27|Maç

6K 389 403
                                    

Eski bölümleri okudukça kusasım geliyor ajahahwajdnd
***

Çarşamba
Maç, ikinci yarıyı bitirmek üzereydi artık. Bora'nın, Cihan'a taktığı çelmeler ve omuz atmaları sayesinde çocuğun tüm gol atma çabaları ya da pasları boşa gidiyordu. Bora 2 kez uyarı almasına rağmen durmuyordu. Cihan da sinirlerini aldırmış gibi tepkisizdi.

3-2 biz yeniyorduk. Golün birini Emir, birini Bora diğerini ise Hakan atmıştı. Ben maçı dikkatle izlerken Burçak kolumu dürttü. "Ha?" diyerek ona döndüm. Ama cevap vermesini beklemeden maçı kaçırmamak için sahaya geri çevirdim bakışlarımı.

"Bana bak şu çocuk nasıl?" diyerek kaşlarını oynatarak karşı takımın tarafını gösterdi. O tarafa döndüğümde kaledeki sarışına dikkat kesildim.

"Hıı, fena değilmiş." diyip biraz daha süzdüm. "Şirin çocuk."

O sırada biz ne olduğunu anlamadan gelen top sarışın kalecinin anlına çarptı ve çocuk yere yığıldı. Gözlerimiz kocaman açılırken "Sendeki de ne gözmüş kızım..." dedi Burçak. Sınıfındaki kızlar çocuğu alıp sahadan çıkarttılar. O sırada hakem de 10 dakika ara verdi. Kerem ile Emir takımıyla ve kaptanlarıyla kısa bir süre konuştuktan sonra yanımıza oturdular.

"Sakın o terli halinle bana daha fazla yaklaşma!" İşaret parmağımı Kerem'e doğrultup biraz daha Burçak'a yaklaştım. Sinsi bir şekilde sırıttı.

"Ama kanka!" diye 'a'yı uzatarak kollarını açtı.

"Kerem hayı-"

Tam bana sarılacakken Hakan Kerem'in sırtına atladı. Ben de fırsattan istifade yerimden kalkıp ayakta durdum.

"Haqan yavaş! Ciğerimi söktün!"

Herkes kahkaha atarken Hakan gülerek Kerem'den ayrılıp benim eski yerime geçti. "Oğlum o attığım gol neydi lan?"

"Asıl benimki harikaydı." dedi Emir ona bakan kızlara bakış atıp bize dönerken. Ben de kızlara öldürücü bakışlar atıp sohbete geri döndüm.

"Yok abi yok. Benimki bir ayrıydı. Öyle güzel attım ki Yıldız Tilbe'yle bile evlense çocuğu Francisco Lachowski gibi olurdu."

Hepimiz gülerek göz devirdik.
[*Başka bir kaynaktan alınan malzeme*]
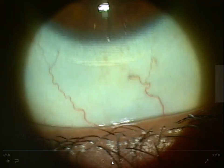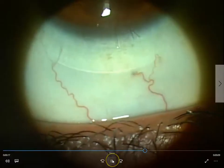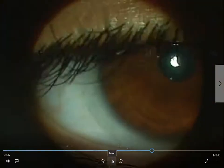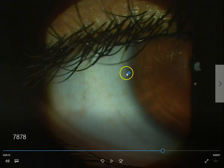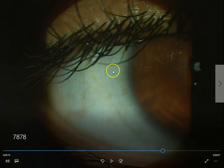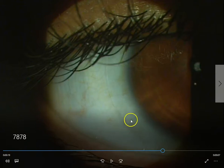Look at how the lens moves every time the patient blinks — you can see the lens moving. So we're looking for centration, which is the lens being centered in the eye, and we're looking for movement up and down, and we're also looking for the orientation.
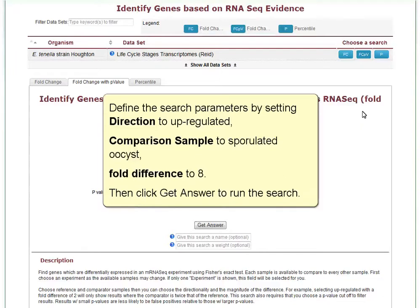Define the search parameters by setting direction to upregulated, comparison sample to sporulated oocysts, and fold difference to eight. Then click Get Answer to run the search.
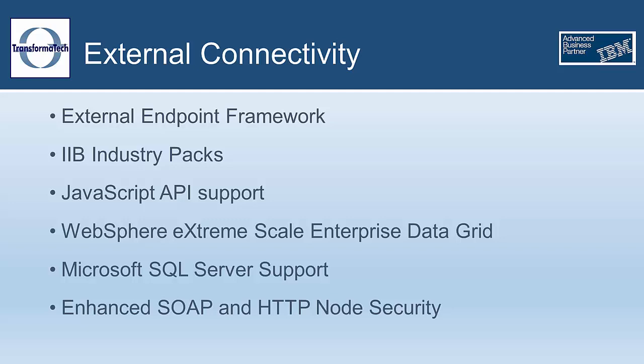This framework was extended to create IIB industry packs, which are add-ons for IIB that include packs of nodes centered on healthcare, manufacturing, and retail, with more packs to come.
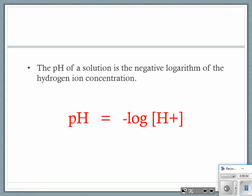Go ahead and close your Chromebooks so you're paying attention. As I talked to you the other day about these pH calculations, I don't feel like they are terribly tough, but as I said, people struggle with them.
Ardından erkekler karşı takımın erkekleri ile ilgili koyu bir sohbete daldılar. Ben de Burçak'ın yanına yaklaşıp sahaya sırtımı dönerek yere oturdum.

"Kınkı şı çıcık sını kısıyır."

Neredeyse dudağını hiç oynatmadan söylediği şeye kaşlarımı çattım. "Ne?"

Biraz yüksek sesle söylemiş olmalıyım ki Emirlerin bakışları 1 saniyeliğine bize döndü. Onlar tekrar önlerine dönerken Burçak elini anlına koymuş sabır diliyordu.

Sesimi kısıp "Ne diyorsun ne?" dedim.

"Kanka şu çocuk seni kesiyor diyorum." dedikten sonra hızla ekledi. "Ama sakın dönme şimdi."

Kısa bir süre bakışları oraya gidip geldikten sonra başka yere bakarak konuştu.

"Şimdi yavaşça, çaktırmadan..." diyip durdu ve yüzüme mala bakar gibi baktı. "...diyeceğim ama sen şimdi arkanı dönerken yürüyen birini devirip bir de bağırırsın."